Task statement >> Reproduce only what runs from the line containing "White display cabinet" to the line containing "Black Velvet Mini Dress w/ Zodiac Designs" in the records below, inclusive. Keep it exact, and keep the pictures out.

Data for the task >>
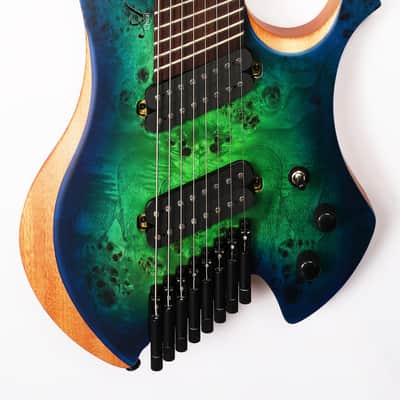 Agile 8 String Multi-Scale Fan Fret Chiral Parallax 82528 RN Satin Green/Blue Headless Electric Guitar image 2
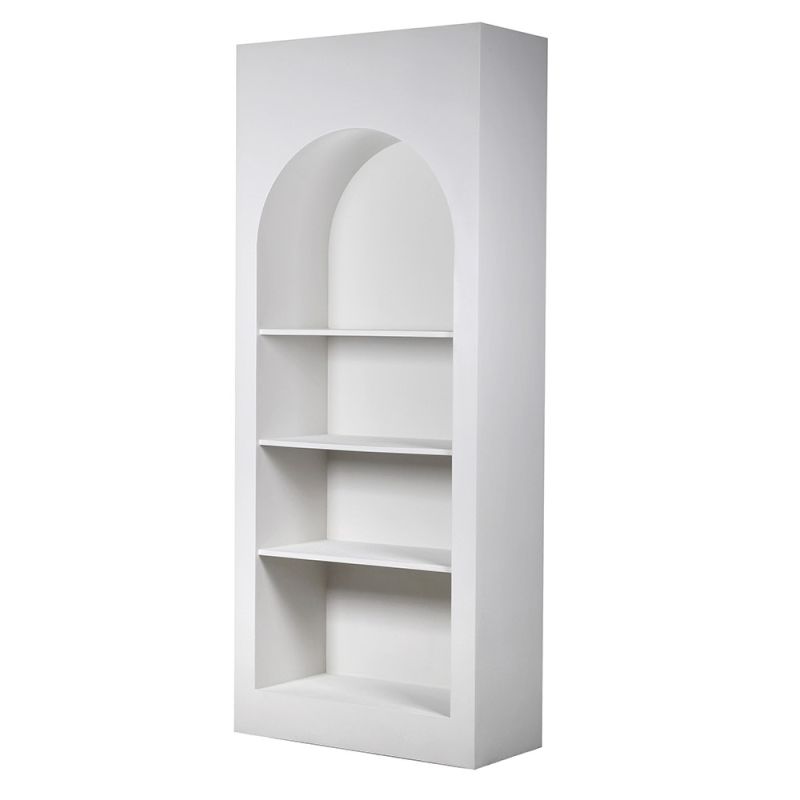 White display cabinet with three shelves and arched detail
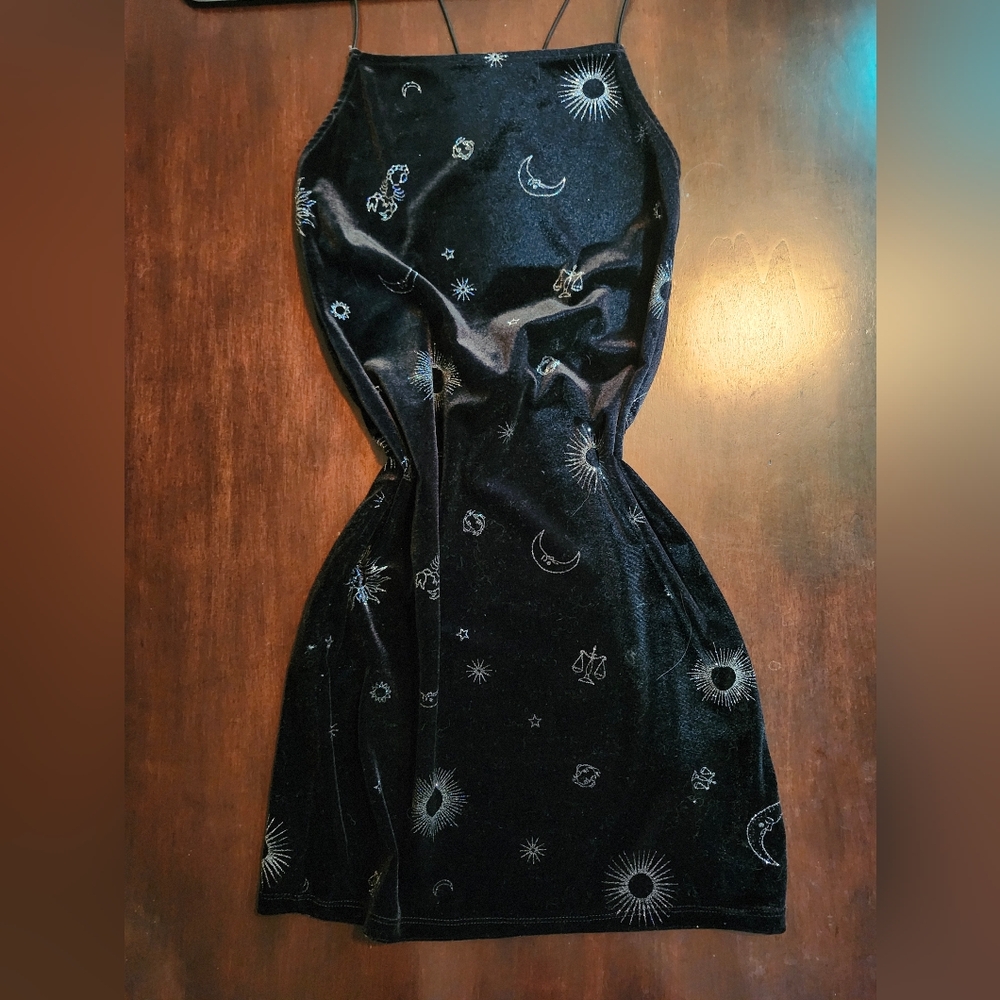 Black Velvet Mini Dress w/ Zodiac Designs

...

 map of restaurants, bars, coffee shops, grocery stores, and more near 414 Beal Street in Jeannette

Completed task >>
 White display cabinet with three shelves and arched detail
 Black Velvet Mini Dress w/ Zodiac Designs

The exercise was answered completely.